For now I would maybe:

Just drop any NaN values from series
if one of the series in the set ends up empty because of this, drop the series
I guess error if you end up with an empty set, or return the empty set and see what bosun does with it

I say the above because I'm trying to think of what will make the function least error prone (annoying) in the context of some of the stuff that needs to be better defined in Bosun in general.

So in the bigger picture outside of your PR (I should read through existing tests, maybe some of this is covered):

What do we do with items in a set that have no value? Whatever we do, is there a reason for it - and is what we really want in the context of alerting (what most of the expression language is for, but at least mentally distinguishing between funcs that are meant just for graphing vs to be used in an alert expression might help lead to some sane path)
What do we do with a set that has no values in it (again is that what we want etc). How would an empty set behave as part of a union operation?

kylebrandt · 2018-08-17T19:51:13Z

Regarding the timeout I doubt that is you, probably just travis being slow - we use a free tier.

kylebrandt · 2018-08-17T20:43:04Z

Recent push to master will require an update, but should just be as simple as removing the T miniprofiler.Timer argument.

hermanschaaf · 2018-08-17T20:54:02Z

Ok, thanks! I'll make those changes (probably tomorrow or early next week, getting a bit late over here). I'll let you know when I've made them.

Just about the NaN values again: as it stands, nothing that the aggregation function does can result in a NaN, so the only way you can end up with it is if there were NaN values in the original series given as input. Maybe I'm missing the wider context, but wouldn't that be the expected behavior? If we drop NaN entries, I feel like we're doing things users might not expect from this function.

…ion-dsl

hermanschaaf · 2018-08-18T14:53:12Z

@kylebrandt Ok, I have updated the code to:

use flexible percentile values like in the window function,
use the aggr function name
resolve conflicts with master
test the percentile values
run goimports

NaN behavior is still to pass them along, to avoid the complexities and possibly unexpected behavior of removing them.

What do you think?

kylebrandt · 2018-08-18T14:59:40Z

cmd/bosun/expr/expr.go

@@ -290,7 +290,7 @@ func (a *Results) Equal(b *Results) (bool, error) {
 	if a.IgnoreOtherUnjoined != b.IgnoreOtherUnjoined {
 		return false, fmt.Errorf("ignoreUnjoined flag does not match a: %v, b: %v", a.IgnoreOtherUnjoined, b.IgnoreOtherUnjoined)
 	}
-	if a.NaNValue != a.NaNValue {
+	if a.NaNValue != b.NaNValue {


kylebrandt · 2018-08-18T15:09:09Z

cmd/bosun/expr/funcs.go

@@ -385,6 +411,198 @@ var builtins = map[string]parse.Func{
 	},
 }

+// Aggr combines multiple series matching the specified groups using an aggregator function.

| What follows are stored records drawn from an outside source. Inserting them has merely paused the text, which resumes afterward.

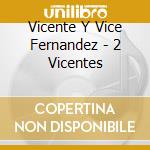 Vicente Y Vice Fernandez - 2 Vicentes cd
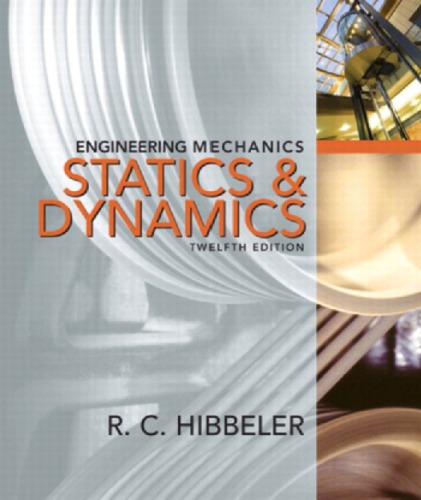 Engineering Mechanics Combined Statics & Dynamics. (9780138149291)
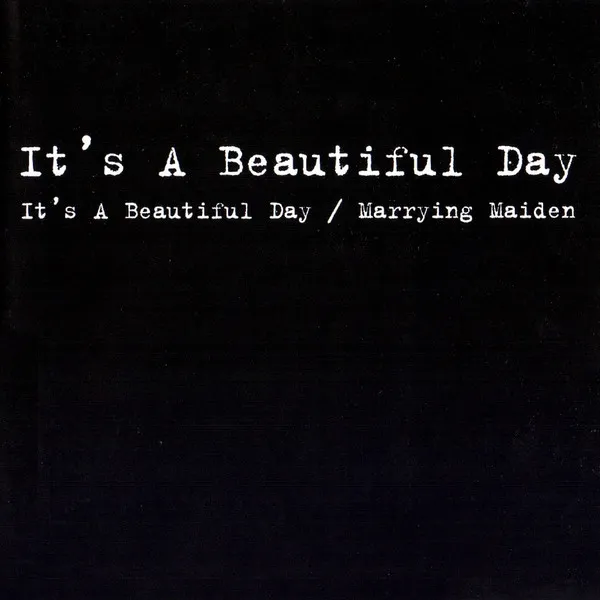 It's A Beautiful Day / Marrying Maiden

If group
+// is empty, all given series are combined, regardless of existing groups.
+// Available aggregator functions include: avg (average), p50 (median), min (minimum) and max (maximum).

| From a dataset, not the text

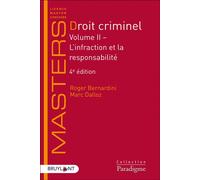 Droit criminel - Volume II - L'infraction et la responsabilité - Volume 2 L'infraction et la responsabilité Roger Bernardini (Auteur), Marc Dalloz (Auteur)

update comment to reflect changes

would be good to have sum as well

Updated the comment and added sum. Also updated the documentation accordingly.

kylebrandt · 2018-08-18T15:11:41Z

cmd/bosun/expr/funcs.go

+	for _, result := range series {
+		for t, v := range result.Value.Value().(Series) {
+			newSeries[t] += v
+			counts[t] += 1


counts[t]++

That's it, no more Python for me 🐍

kylebrandt · 2018-08-18T15:33:39Z

Few more comments but in general looks good to me - I'm content to go with your take on NaN.

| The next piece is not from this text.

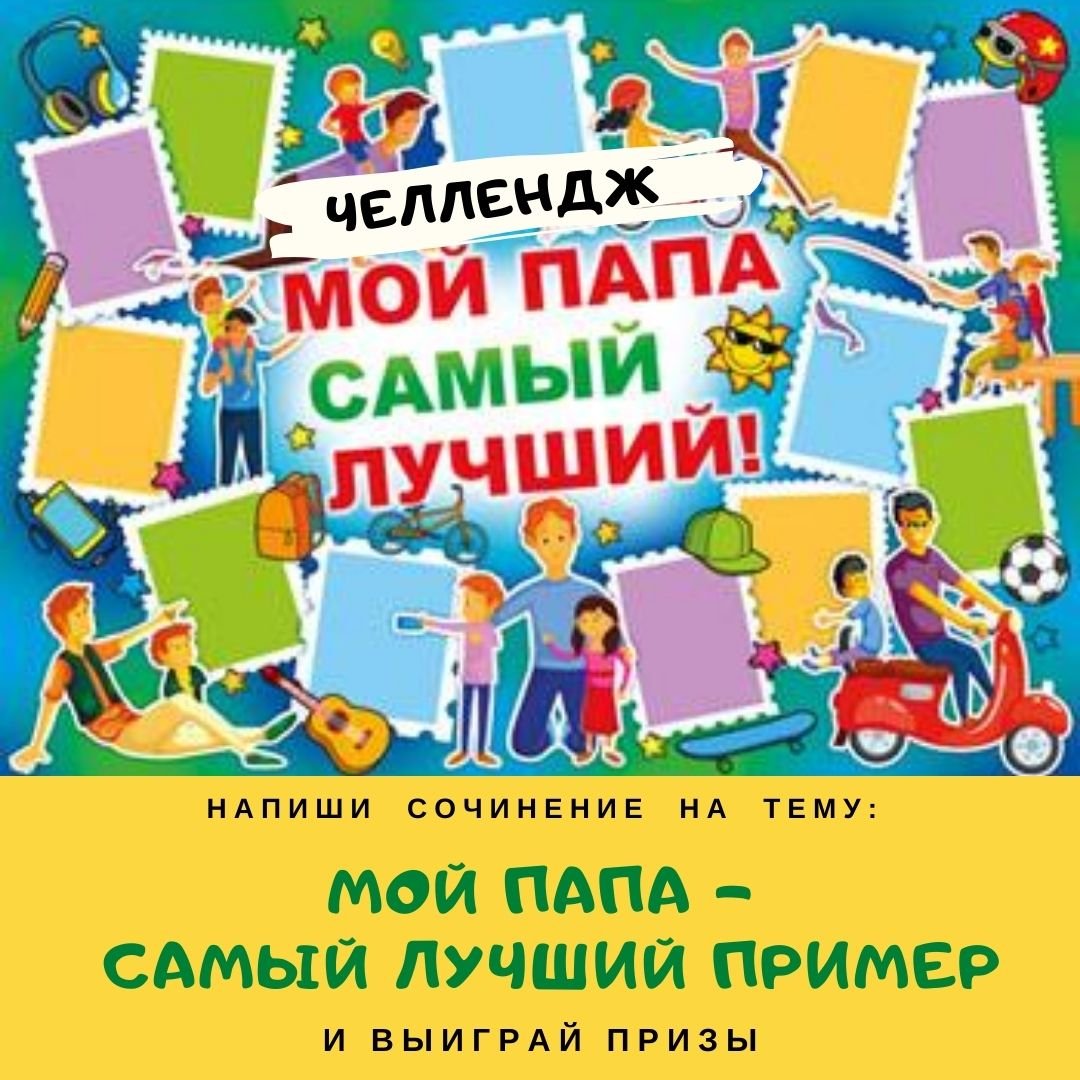 ЧЕЛЛЕНДЖ НА ЛУЧШЕЕ СОЧИНЕНИЕ «МОЙ ПАПА САМЫЙ ЛУЧШИЙ ПРИМЕР!»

I think maybe the number of aggrThing functions (or at least the lines of code in them) could probably be reduced by a function that takes another reduction function as an argument or something like this ... but I'm okay with the aggrThing funcs as is -- so don't worry about it.

This will be quite useful :-) +1

hermanschaaf · 2018-08-18T18:24:58Z

Thanks, I removed two of the aggrThing functions (aggrMin and aggrMax) by using aggrPercentile. But yeah I agree, it would be nice to generalize these in the future so it can take any function. Potential future improvement :)

hermanschaaf · 2018-08-18T18:50:46Z

Ok, made some fixes to the documentation too. All done making changes now 👍

kylebrandt · 2018-08-20T13:42:26Z

@hermanschaaf Looks good! In a new PR can you add a little more to the documentation in terms of behavior: for example, timestamps needing to line up, what happens with NaN etc. ?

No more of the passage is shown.